Material for this exercise Block Start

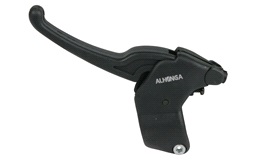 Bromsgrepp, plast, till 16"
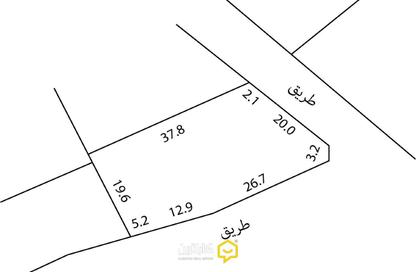 أرض - استوديو للبيع في العدلية - المنامة - محافظة العاصمة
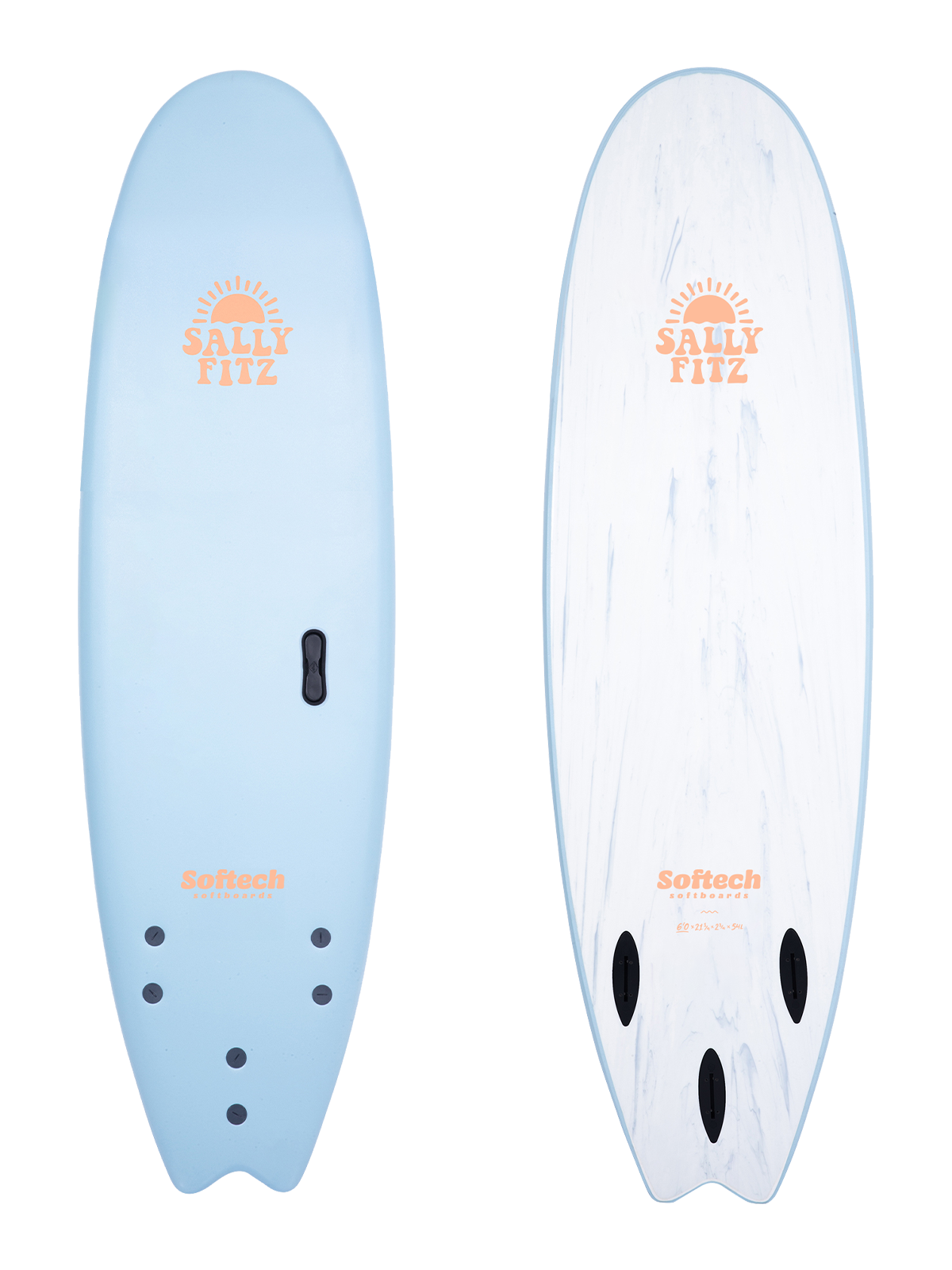 SOFTECH SALLY FITZGIBBONS SIGNATURE SOFTBOARD 23 - Star Surf + Skate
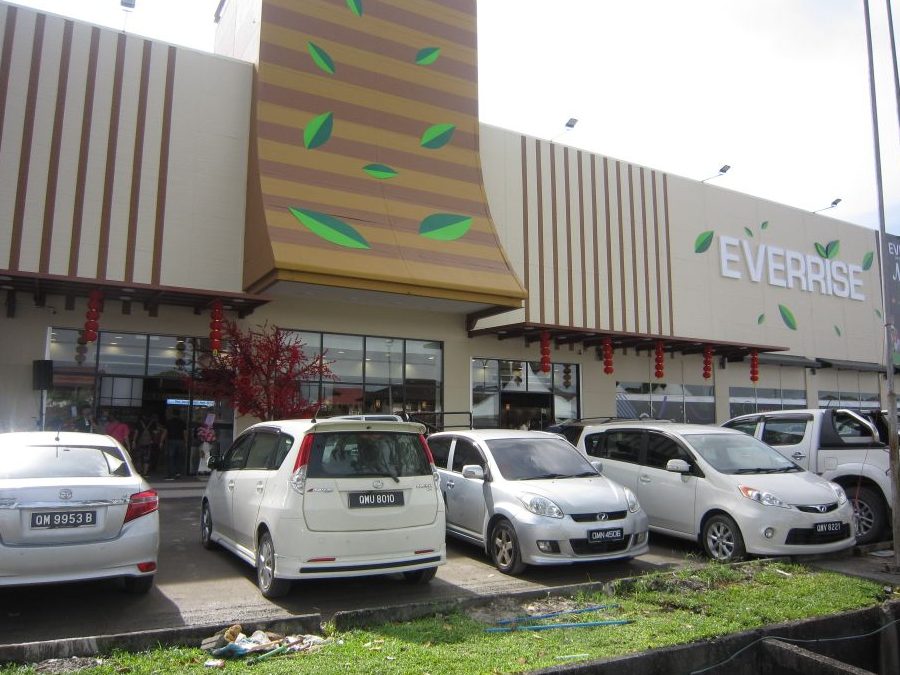 everrise boulevard supermarket
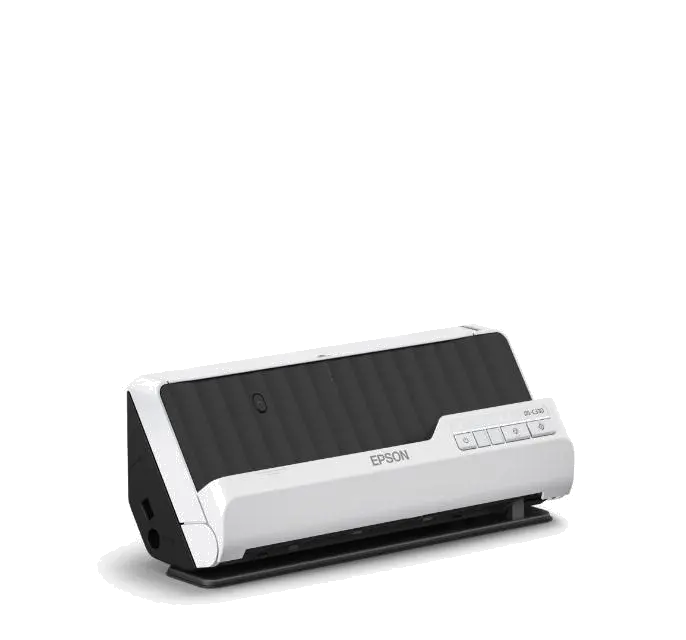 Epson Scanner DS-C330 A4 Compact desktop Sheetfed Scanner, Rezolutie optica: 600 x 600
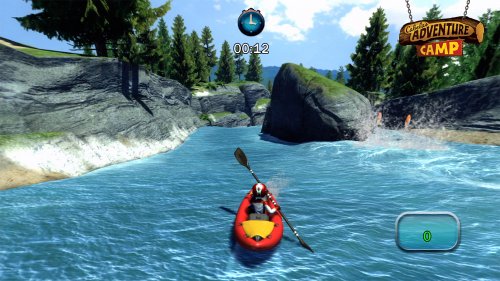 Cabela's Adventure Camp PS3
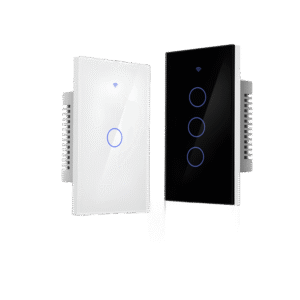 Interruptor Táctil Inteligente Zigbee 3.0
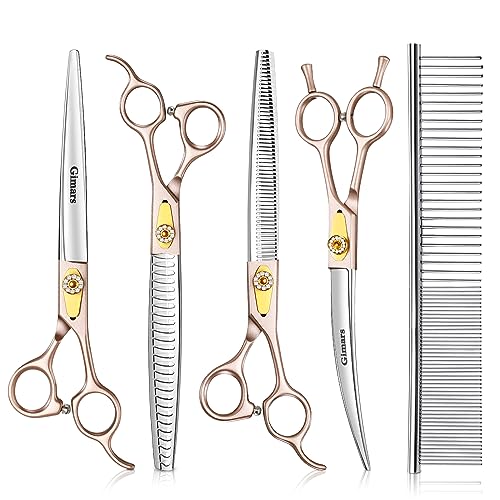 Rose Gold 8 in Profession Set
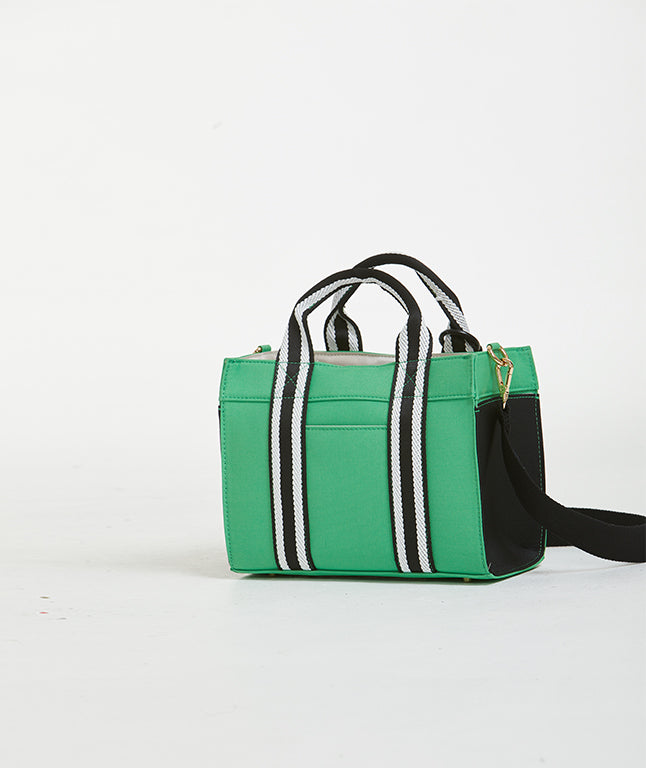 Whole Ground Tote Bag Bundle (White, Green, Pink)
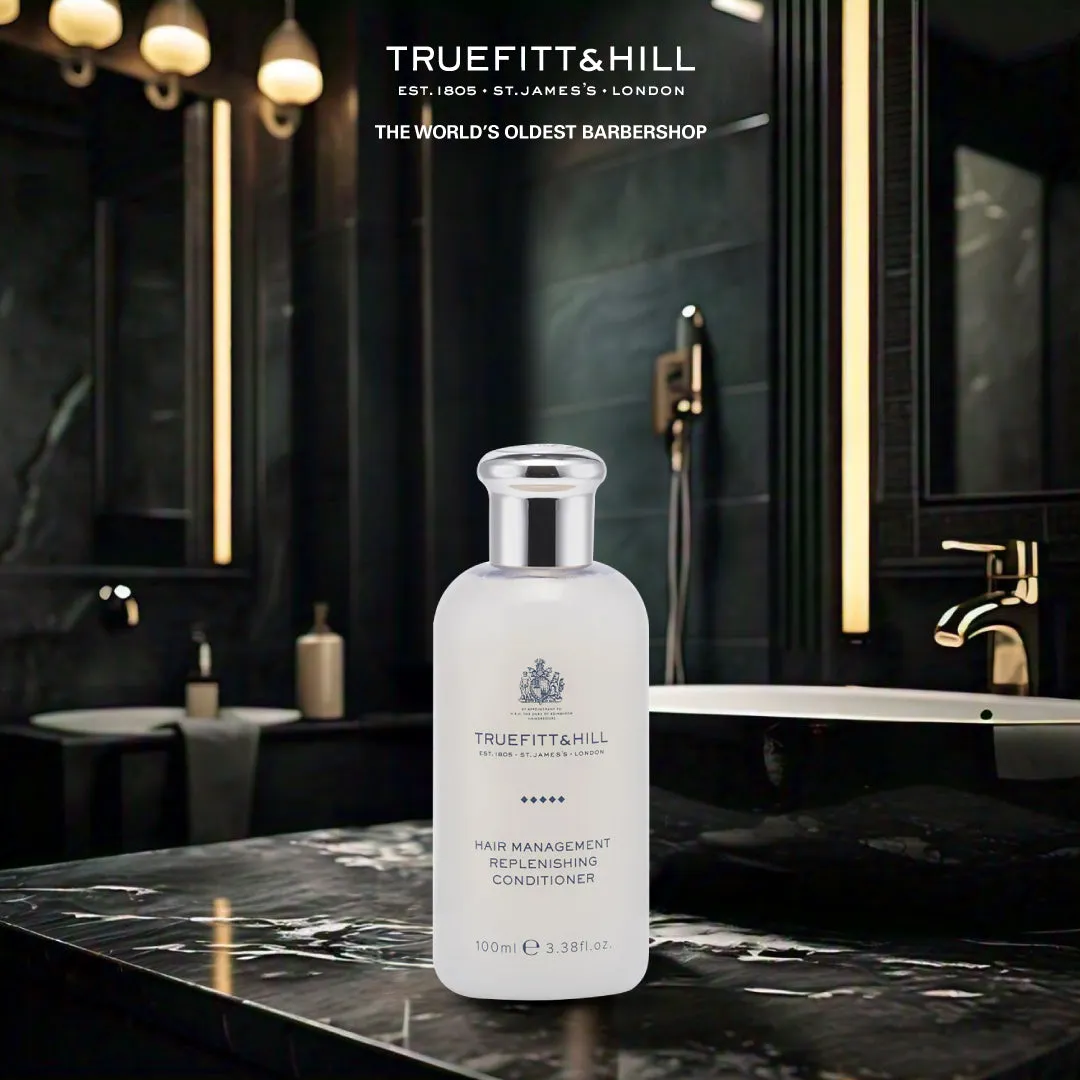 Truefitt & Hill Replenishing Conditioner for Men 100ml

Material for this exercise Block End

Brief:
Retype the records above exactly, pictures omitted.

Written solution:
 Bromsgrepp, plast, till 16"
 أرض - استوديو للبيع في العدلية - المنامة - محافظة العاصمة
 SOFTECH SALLY FITZGIBBONS SIGNATURE SOFTBOARD 23 - Star Surf + Skate
 everrise boulevard supermarket
 Epson Scanner DS-C330 A4 Compact desktop Sheetfed Scanner, Rezolutie optica: 600 x 600
 Cabela's Adventure Camp PS3
 Interruptor Táctil Inteligente Zigbee 3.0
 Rose Gold 8 in Profession Set
 Whole Ground Tote Bag Bundle (White, Green, Pink)
 Truefitt & Hill Replenishing Conditioner for Men 100ml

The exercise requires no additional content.